Sunday 9 December 2012

DANCING UNDER LIGHTNING


Thursday 5th August 2010.

Heavy, heavy rain last night. The Indus is in full spate. Stanzin told us the bridge at Basgo had been washed away. In Tackmachik some of the villagers were aligning themselves along the steep, stoney banks of the river. They had long poles of wood and they were using them to winkle tree trunks and branches out the spinning, foaming torrents. It is difficult, dangerous work. Not only do they have to salvage the wood, they have to drag it up the steep banks to the road, then take it home. Perhaps some of the luckier ones will have a donkey to help. Stanzin's father in law is one of the men undertaking this arduous task. She takes us to the foot bridge and we watch for a while.
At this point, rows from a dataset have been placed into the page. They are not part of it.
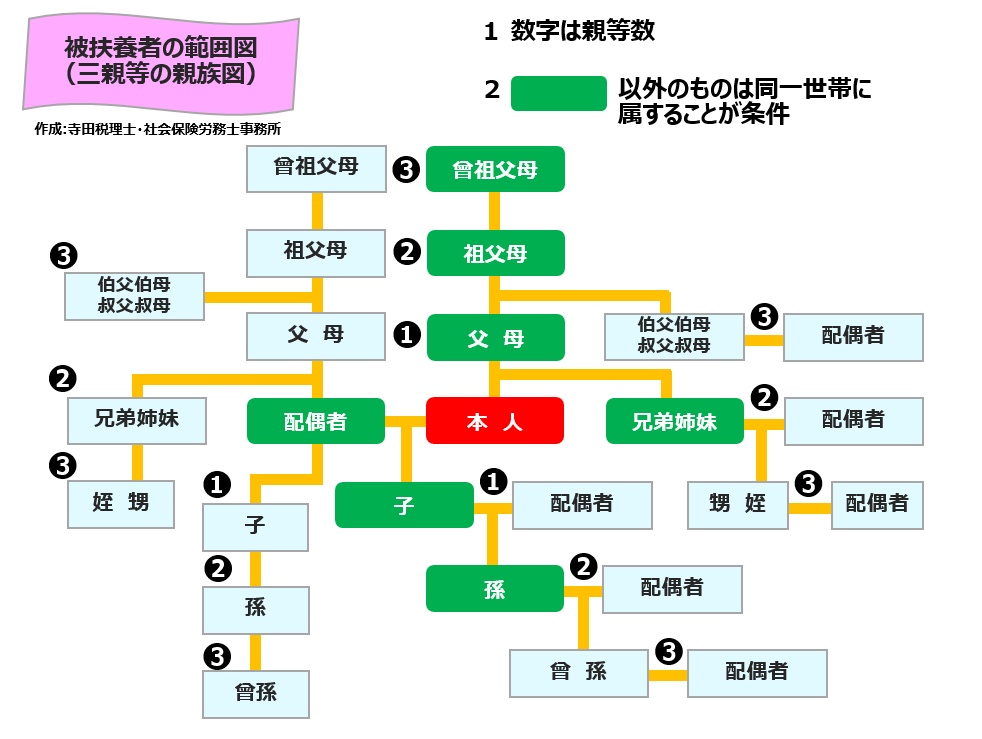 知ってる？社会保険の被扶養家族の条件｜大阪｜寺田税理士・社会保険労務士事務所 猿でもわかる節税・助成金まとめ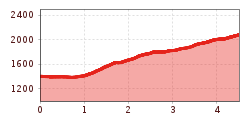 Elevation profile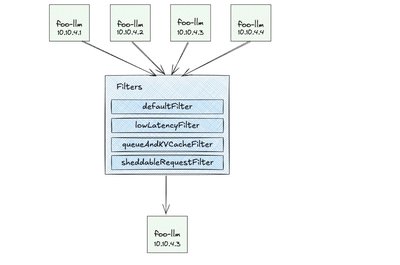 丢弃低优先级请求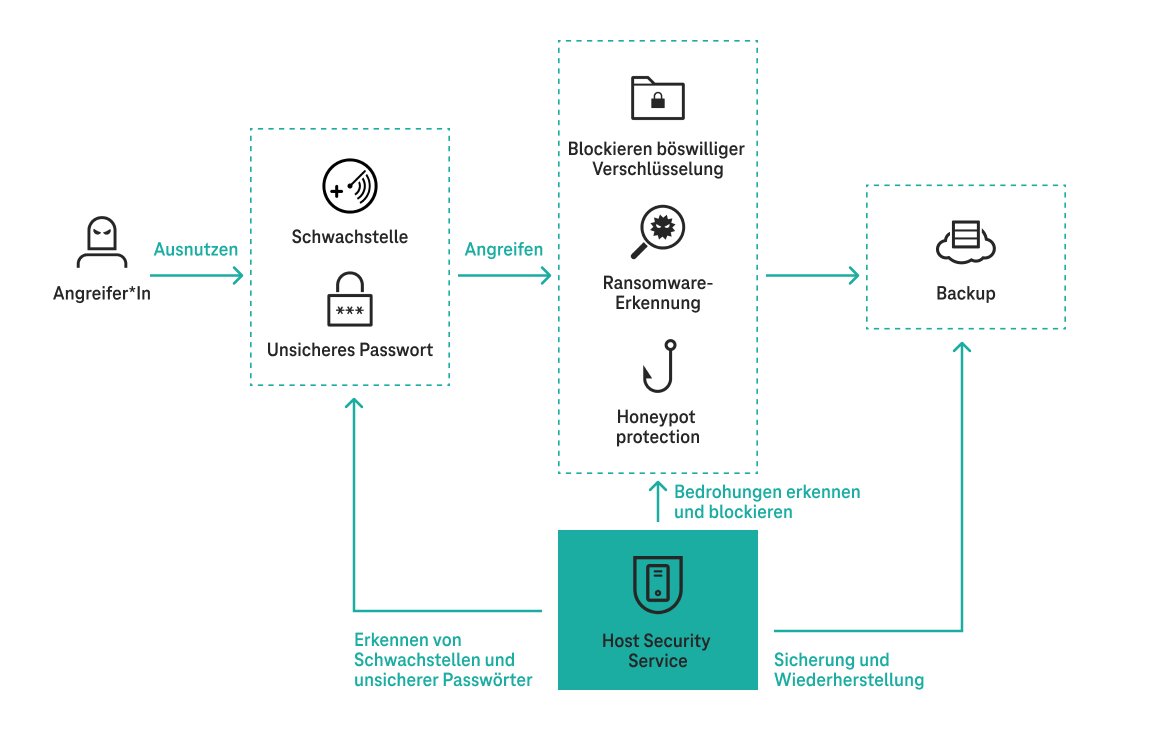 Grafik Ransomware Prevention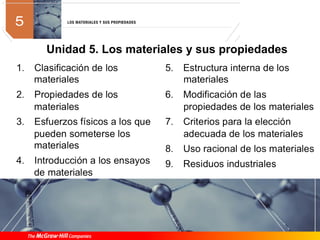 Unidad 5. Los materiales y sus propiedades
 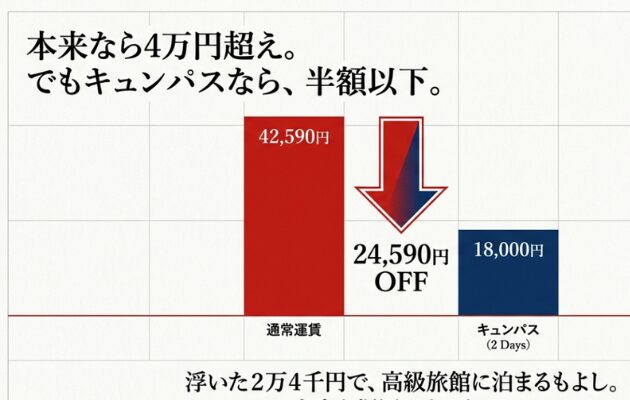 東京駅発の「盛岡・秋田・青森・仙台」を巡るキュンパス2日間のモデルコース。東北の極上グルメを喰らい尽くします。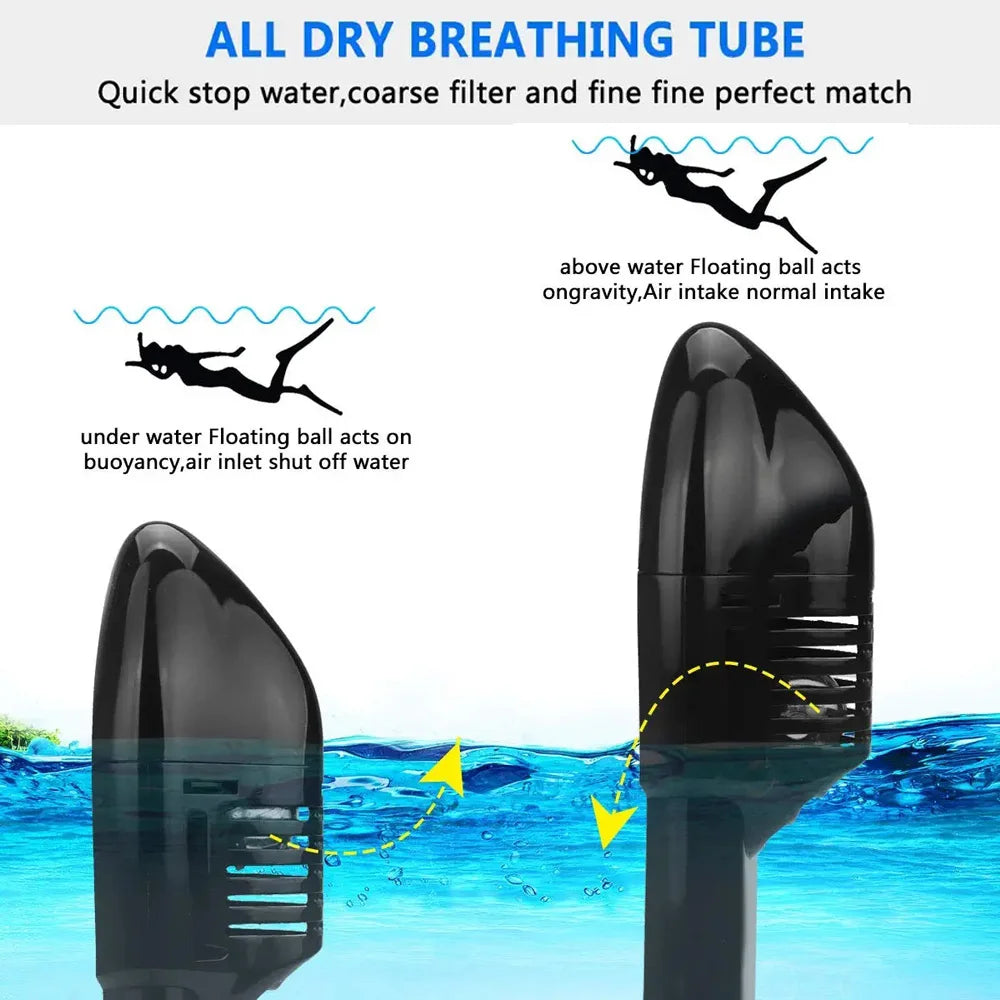 Underwater Anti-Fog Full Face Snorkel Mask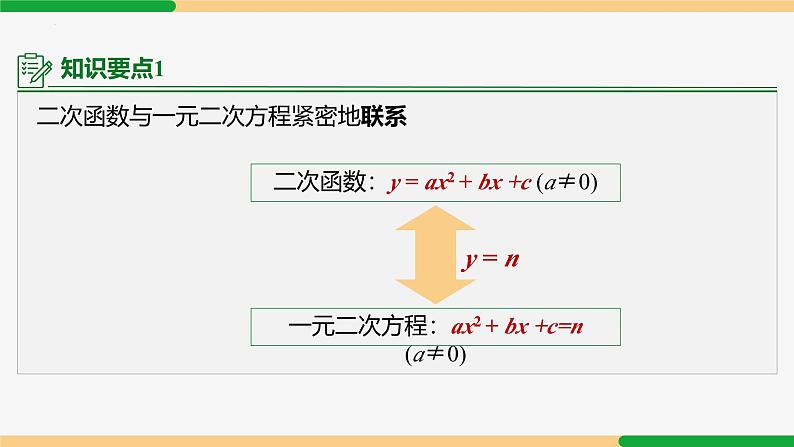 22.2 二次函数与一元二次方程 第1课时(关系)-2024-2025学年九年级数学上册教材配套同步课件（人教版）08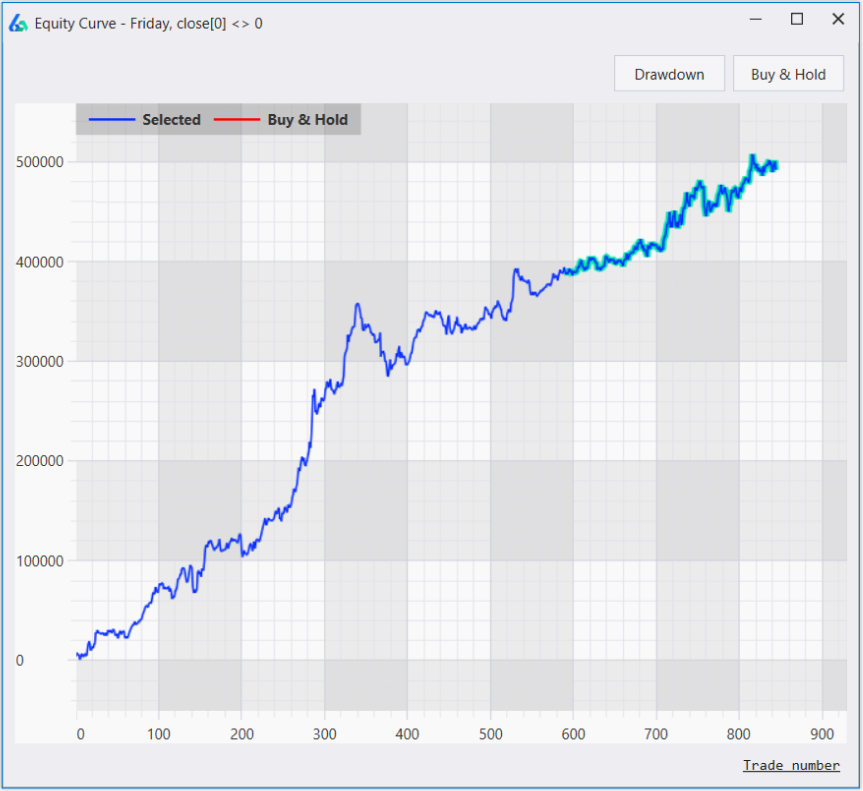 Gold Futures Buy Friday Algo Trading Equity Curve
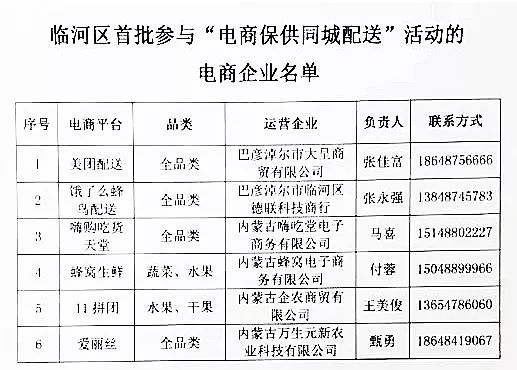 临河人口_巴彦淖尔人口普查数据公布 杭锦后旗常住人口217573人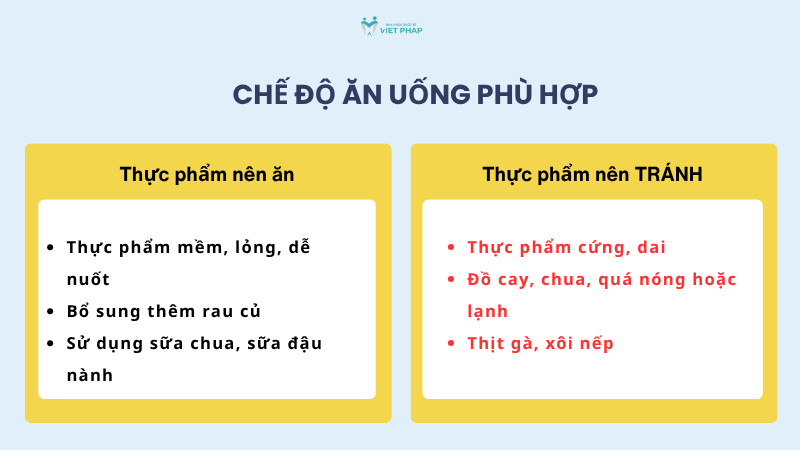 lam gi khi moc rang khon 3 Chế độ ăn uống phù hợp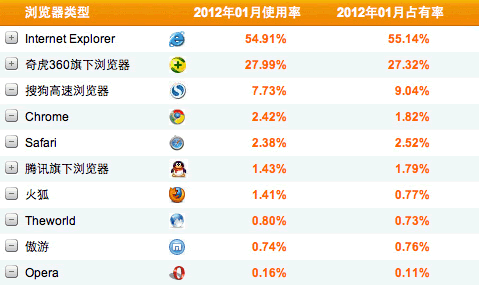 好文：互联网精准广告定向技术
He hooks the wood as it spins past, manoeuvers it closer to the bank, then throws it up onto the stones. Stanzin is worried about him while he is doing this. It is very dangerous, and the river has no mercy.

That evening we were invited to Stanzin's Mum's house for dinner. The house is on the mountain side. To reach it one has to climb a wooden step ladder. Stanzin's Grandfather (90 years) lives here, too. 'How does your Grandfather climb up and down this ladder, every day?' Laurel asked, gingerly manoevering herself up to the house, 'with no bother at all, and faster than you!' came back the humorous reply. There are no prams or baby buggies to be seen in Ladakh. There are no reclining armchairs either. In the West we think we are making life easier for ourselves, we are actually taking away our natural movements. No wonder we are stiff when we get old!

We sat outside in the courtyard, one storey up and Stanzin rolled thin, round pasta, and twirled them on her fingers into lovely butterfly shapes for dinner. Lightening crackled continuously round the mountain peaks above our heads. It filled the sky with an eerie, petrol blue luminosity. I leaned my elbows on the mud brick courtyard wall and stared and stared at this hair raising spectacle. I was standing on an earth floor 11,000 feet up in the air with electricity cracking and fizzing all around me.
Stanzin and her niece, Rigzin Angmo, age 9, sang a lovely Ladakhi song. Then Rigzin Angmo danced for us while she and Stanzin sang. Both the dance and the song were beautiful and sweet and delicate. It was so magical, cradled in the brown, earthen courtyard in the dark, with this lovely, wee girl singing to us and the blue lightning sparkling all around. Jigmet Chopel, age 2, decided he would dance for us, too. He encouraged his mother and Rigzin Angmo to sing and Laurel and I to clap in time and he danced and danced until it was time for dinner.
It is the most ethereal time I have as yet, been privileged to experience.